The first bombing struck the Mar Girgis church in the city of Tanta, north of Cairo, killing 27 people, the health ministry said.

“I just felt fire grabbing my face. I pushed my brother who was sitting next to me and then I heard people saying ‘explosion’,” a wounded witness said in hospital.

Emergency services had scrambled to the scene when another blast rocked Saint Mark’s church in Alexandria where Coptic Pope Tawadros II had been leading a Palm Sunday service. Sixteen people, including three police officers were killed in that attack, which the interior ministry said was caused by a suicide bomber who blew himself up when police prevented him from entering the church.

At least 78 people were wounded in Tanta and 40 in Alexandria, the health ministry said. Officials denounced the violence as an attempt to sow divisions in Egypt, and Francis sent his “deep condolences” to Tawadros.

IS claimed that its “squads” carried out both attacks, in a statement by its self-styled Amaq news agency published on social media. There were bloodstains on the floor of the church in Tanta, next to shredded wooden benches. State television reported that the interior minister sacked the provincial head of security and replaced him after the attack.

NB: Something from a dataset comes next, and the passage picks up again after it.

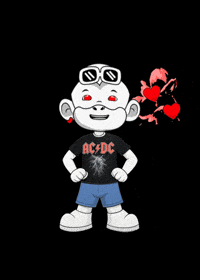 Rock 80S GIF by Zhot Shop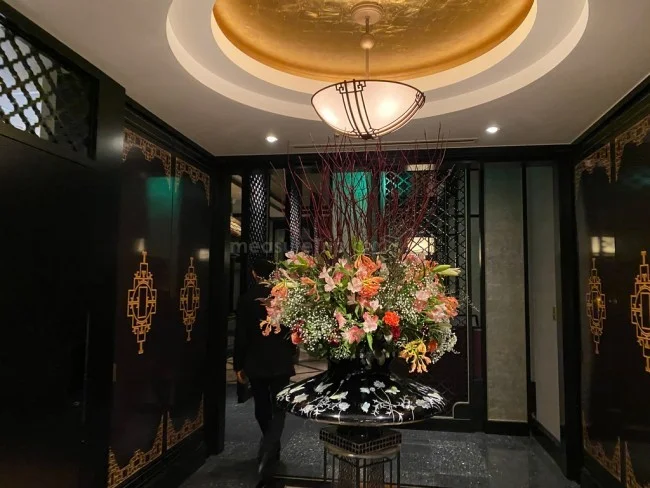 ウェスティンホテル東京 中国レストラン「龍天門」でディナー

On March 29, the Mar Girgis church’s Facebook page said a “suspicious” device had been found outside the building that security services removed. Worshippers had been celebrating Palm Sunday, one of the holiest days in the Christian calendar, marking Jesus’s triumphant entrance to Jerusalem.

Copts, who make up about one tenth of Egypt’s population of more than 92 million and celebrate Easter next weekend, have been targeted by several attacks in the recent months.

Jihadists and Islamists accuse Copts of supporting the military overthrow of Islamist president Mohamed Morsi in 2013, which ushered in a deadly crackdown on his supporters. The bombing of the church within a compound that also holds the seat of the Coptic papacy was the deadliest attack against the minority in recent memory.